Written in 1904, this is the story of Peter "Per" Sidenius, the rebellious son of a strict Danish clergyman, and his enthusiastic quest to find happiness. Filled with unforgettable characters, such as the entire Saloman family, and especially the heroic eldest daughter, Jacobe, this is a novel you won't want to end.
However, the ending is perfect!
Pontopiddan was awarded the Nobel Prize for Literature in 1917.
— JohnDescription
A true neglected classic, this sweeping 1904 novel is a Modernist masterpiece and arguably "the great Danish novel"-- but is only newly available in English.
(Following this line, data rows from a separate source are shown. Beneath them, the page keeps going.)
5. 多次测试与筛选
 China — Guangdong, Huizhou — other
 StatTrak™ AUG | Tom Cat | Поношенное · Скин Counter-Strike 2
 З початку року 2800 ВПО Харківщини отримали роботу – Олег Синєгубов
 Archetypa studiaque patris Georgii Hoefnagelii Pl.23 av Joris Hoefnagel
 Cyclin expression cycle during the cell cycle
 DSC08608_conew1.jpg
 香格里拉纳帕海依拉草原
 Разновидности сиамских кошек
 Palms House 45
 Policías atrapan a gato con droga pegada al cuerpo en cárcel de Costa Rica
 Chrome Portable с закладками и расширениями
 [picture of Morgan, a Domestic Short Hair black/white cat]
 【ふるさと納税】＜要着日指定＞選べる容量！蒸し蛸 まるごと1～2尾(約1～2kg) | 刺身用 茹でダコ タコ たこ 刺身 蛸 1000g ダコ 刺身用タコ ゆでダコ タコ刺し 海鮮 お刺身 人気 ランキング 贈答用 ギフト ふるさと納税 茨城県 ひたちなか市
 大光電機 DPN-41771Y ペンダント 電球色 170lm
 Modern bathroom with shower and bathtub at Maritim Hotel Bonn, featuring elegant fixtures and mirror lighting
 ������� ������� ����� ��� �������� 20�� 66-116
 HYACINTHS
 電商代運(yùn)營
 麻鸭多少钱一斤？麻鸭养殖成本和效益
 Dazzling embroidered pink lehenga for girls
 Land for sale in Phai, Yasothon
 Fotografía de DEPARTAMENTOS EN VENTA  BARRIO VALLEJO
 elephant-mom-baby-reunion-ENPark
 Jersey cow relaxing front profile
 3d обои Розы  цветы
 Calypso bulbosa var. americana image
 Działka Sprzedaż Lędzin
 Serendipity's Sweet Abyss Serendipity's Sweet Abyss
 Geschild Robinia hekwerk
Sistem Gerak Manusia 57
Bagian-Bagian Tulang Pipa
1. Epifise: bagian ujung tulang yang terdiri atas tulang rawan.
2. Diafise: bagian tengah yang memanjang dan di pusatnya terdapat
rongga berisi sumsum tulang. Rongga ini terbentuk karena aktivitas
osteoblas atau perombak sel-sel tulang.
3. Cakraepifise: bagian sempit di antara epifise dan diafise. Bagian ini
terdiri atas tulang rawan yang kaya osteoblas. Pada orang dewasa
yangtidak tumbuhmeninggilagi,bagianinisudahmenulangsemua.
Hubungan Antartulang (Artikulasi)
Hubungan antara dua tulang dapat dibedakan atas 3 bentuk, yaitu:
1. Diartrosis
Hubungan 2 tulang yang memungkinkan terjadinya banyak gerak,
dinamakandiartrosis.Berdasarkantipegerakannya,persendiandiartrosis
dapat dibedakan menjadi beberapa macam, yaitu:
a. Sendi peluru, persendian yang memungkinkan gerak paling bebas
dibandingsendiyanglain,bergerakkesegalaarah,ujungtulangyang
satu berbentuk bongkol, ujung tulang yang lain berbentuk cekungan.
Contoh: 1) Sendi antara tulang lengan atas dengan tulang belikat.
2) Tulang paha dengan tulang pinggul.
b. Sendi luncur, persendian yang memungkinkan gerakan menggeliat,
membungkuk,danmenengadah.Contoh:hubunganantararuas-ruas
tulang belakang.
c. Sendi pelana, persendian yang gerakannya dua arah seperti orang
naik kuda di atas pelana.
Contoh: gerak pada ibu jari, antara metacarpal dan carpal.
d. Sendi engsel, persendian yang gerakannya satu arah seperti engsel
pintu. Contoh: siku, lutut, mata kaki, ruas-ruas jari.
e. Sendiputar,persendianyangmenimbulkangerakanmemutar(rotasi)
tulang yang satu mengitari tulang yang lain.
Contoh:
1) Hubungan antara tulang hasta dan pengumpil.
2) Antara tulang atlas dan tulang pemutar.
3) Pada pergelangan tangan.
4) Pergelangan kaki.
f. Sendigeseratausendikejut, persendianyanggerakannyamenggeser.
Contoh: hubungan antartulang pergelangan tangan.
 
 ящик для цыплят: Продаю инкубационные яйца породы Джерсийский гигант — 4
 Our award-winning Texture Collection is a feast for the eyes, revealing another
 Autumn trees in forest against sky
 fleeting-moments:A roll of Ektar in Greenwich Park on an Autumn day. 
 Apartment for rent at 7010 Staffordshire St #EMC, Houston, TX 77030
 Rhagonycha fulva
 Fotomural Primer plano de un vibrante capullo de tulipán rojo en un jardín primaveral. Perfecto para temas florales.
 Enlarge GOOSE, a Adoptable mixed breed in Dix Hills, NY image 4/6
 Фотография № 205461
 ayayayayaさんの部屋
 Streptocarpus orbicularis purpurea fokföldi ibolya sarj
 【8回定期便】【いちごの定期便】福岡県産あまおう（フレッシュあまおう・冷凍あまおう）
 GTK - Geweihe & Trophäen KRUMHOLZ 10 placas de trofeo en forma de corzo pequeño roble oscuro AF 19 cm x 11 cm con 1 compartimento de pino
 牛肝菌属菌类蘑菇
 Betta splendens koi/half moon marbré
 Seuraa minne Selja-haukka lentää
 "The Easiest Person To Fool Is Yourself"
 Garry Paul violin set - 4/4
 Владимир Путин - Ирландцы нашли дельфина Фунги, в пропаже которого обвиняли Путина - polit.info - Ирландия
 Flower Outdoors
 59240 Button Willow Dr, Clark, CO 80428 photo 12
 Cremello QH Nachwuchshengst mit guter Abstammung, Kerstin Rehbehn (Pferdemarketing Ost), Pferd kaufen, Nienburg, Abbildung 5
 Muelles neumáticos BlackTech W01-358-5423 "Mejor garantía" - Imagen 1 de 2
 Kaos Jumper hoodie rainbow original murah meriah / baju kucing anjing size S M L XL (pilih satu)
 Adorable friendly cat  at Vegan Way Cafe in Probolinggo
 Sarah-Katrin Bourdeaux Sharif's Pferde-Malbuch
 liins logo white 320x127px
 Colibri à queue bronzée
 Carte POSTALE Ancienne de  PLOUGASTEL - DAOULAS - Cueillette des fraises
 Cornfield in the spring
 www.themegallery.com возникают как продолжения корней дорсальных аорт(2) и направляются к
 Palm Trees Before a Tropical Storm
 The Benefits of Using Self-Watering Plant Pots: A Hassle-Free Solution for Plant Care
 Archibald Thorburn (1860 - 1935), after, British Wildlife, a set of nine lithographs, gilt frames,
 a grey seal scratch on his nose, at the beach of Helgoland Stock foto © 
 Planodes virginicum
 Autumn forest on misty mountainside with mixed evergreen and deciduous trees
Lucky Per is a bildungsroman about the ambitious son of a clergyman who rejects his faith and flees his restricted life in the Danish countryside for the capital city. Per is a gifted young man who arrives in Copenhagen believing that "you had to hunt down luck as if it were a wild creature, a crooked-fanged beast . . . and capture and bind it." Per's love interest, a Jewish heiress, is both the strongest character in the book and one of the greatest Jewish heroines of European literature. Per becomes obsessed with a grand engineering scheme that he believes will reshape both Denmark's landscape and its minor place in the world; eventually, both his personal and his career ambitions come to grief. At its heart, the story revolves around the question of the relationship of "luck" to "happiness" (the Danish word in the title can have both meanings), a relationship Per comes to see differently by the end of his life.
About the Author
HENRIK PONTOPPIDAN (1857-1943) was a Danish novelist who won the Nobel Prize for Literature in 1917 for "his authentic descriptions of present-day life in Denmark." The son of a rural minister, he moved to Copenhagen as a young man and eventually earned his living as a journalist and writer. He is best known for the sweeping social novels he wrote between 1890 and the 1920s, which "reflect the social, religious, and political struggles of the time."
Praise For…
"This sprawling saga of one Dane’s life also succeeds as an epochal portrait of noisy, pluralistic, turn-of-the-20th-century Europe." --Publishers Weekly
“[Pontoppidan is] a full-blooded storyteller who scrutinizes our lives and society so intensely that he ranks within the highest class of European writers . . . He judges the times and then, as a true poet, points us towards a purer, more honorable way of being human.” —Thomas Mann
“What startled its contemporaries about this strange novel was . . . the sense of something new, one of those as yet unnamed and perhaps unnameable psychic discoveries for which the novelists of the period—from Dostoevsky to James—desperately searched . . . This turns out to have been the novel’s project . . . to modify our sense of what luck or happiness means.”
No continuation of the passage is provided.